*** Dataset content Section Begins ***
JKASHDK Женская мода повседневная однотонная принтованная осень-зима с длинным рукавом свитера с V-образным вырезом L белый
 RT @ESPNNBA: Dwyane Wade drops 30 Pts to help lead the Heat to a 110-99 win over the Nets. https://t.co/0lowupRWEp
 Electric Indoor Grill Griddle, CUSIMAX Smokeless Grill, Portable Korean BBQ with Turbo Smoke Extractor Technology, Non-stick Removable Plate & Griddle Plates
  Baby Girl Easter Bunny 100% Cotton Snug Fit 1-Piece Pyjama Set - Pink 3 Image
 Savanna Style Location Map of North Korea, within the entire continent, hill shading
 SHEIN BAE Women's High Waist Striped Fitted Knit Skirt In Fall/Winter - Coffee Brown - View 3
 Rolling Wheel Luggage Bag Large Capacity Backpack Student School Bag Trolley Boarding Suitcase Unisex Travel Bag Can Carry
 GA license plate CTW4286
*** Dataset content Section Ends ***
Work order: I'd like the lines above from the one with "RT @ESPNNBA: Dwyane" up to and including the one with "Baby Girl Easter" copied exactly, with no other lines.

Solution to this problem:
 RT @ESPNNBA: Dwyane Wade drops 30 Pts to help lead the Heat to a 110-99 win over the Nets. https://t.co/0lowupRWEp
 Electric Indoor Grill Griddle, CUSIMAX Smokeless Grill, Portable Korean BBQ with Turbo Smoke Extractor Technology, Non-stick Removable Plate & Griddle Plates
  Baby Girl Easter Bunny 100% Cotton Snug Fit 1-Piece Pyjama Set - Pink 3 Image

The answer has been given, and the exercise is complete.